Input: DLL: 1 ↔ 2 ↔ 3 ↔ 4, X = 3 
Output: 6
Explanation: The required three integers are {1, 2, 3} whose sum is 6 and is closest to X = 3. 

Naive Approach: The simplest approach to solve the given problem is to generate all possible triplets using three nested loops and then choose the triplet which has the sum closest to X and print the sum of the triplet.



Time Complexity: O(N3)
Auxiliary Space: O(1)

Efficient Approach: To optimize the above approach, the idea is to use 3 pointer technique.
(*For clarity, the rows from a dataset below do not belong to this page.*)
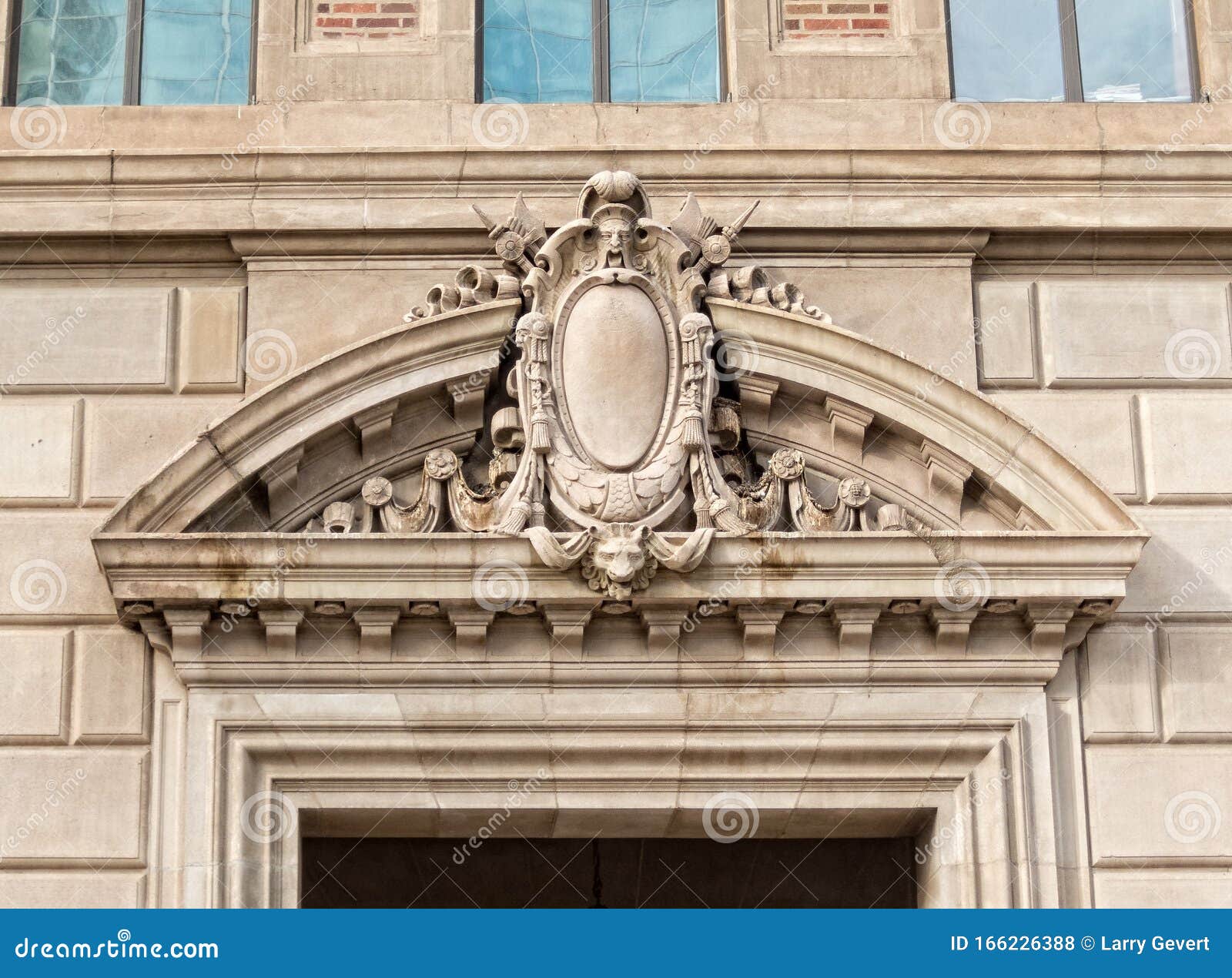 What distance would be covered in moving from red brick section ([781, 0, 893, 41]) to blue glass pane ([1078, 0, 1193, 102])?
1188 mm

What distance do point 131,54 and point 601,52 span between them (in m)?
2.63

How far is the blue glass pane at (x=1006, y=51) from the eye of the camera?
13.2 meters

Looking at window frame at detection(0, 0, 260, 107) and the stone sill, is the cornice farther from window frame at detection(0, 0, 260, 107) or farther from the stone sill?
window frame at detection(0, 0, 260, 107)

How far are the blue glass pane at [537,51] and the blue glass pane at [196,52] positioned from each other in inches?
53.9

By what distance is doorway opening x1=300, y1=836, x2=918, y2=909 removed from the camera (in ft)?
46.1

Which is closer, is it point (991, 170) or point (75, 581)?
point (75, 581)

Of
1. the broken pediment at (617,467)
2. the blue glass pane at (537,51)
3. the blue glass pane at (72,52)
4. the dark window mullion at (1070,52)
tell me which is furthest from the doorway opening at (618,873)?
Answer: the blue glass pane at (72,52)

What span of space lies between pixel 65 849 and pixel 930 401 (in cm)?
484

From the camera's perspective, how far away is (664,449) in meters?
11.9

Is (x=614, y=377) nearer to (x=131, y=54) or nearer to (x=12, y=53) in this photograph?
(x=131, y=54)

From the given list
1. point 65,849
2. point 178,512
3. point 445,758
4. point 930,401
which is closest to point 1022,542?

Follow the steps below to solve this problem:

  • Initialize 4 variables, first and second pointing to the head node of the doubly linked list, i.e., first = head, second = head, and tail and third both initialized to the last node of the doubly linked list.
  • Initialize a variable diff, initialized as INT_MAX, which stores the closest sum to X.
  • Iterate while the first node is not NULL and perform the following steps:
    • Initialize second to the next of first, i.e., second = first→next and third = tail(the last node of doubly linked list).
    • Iterate while second and third are not NULL and third is not equal to the second.
      • Initialize a variable say, sum as (first→data + second→data + third→data).
      • If the absolute value of X – sum is less than the absolute value of X diff, then update the value of diff as sum.
      • If sum is less than X, then increment second pointer, i.e., second = second→next.
      • Otherwise, decrement third, i.e., third = third→prev.
    • Move the first pointer to the next pointer, i.e., first = first→next.
  • After completing the above steps, print the value of diff as the result.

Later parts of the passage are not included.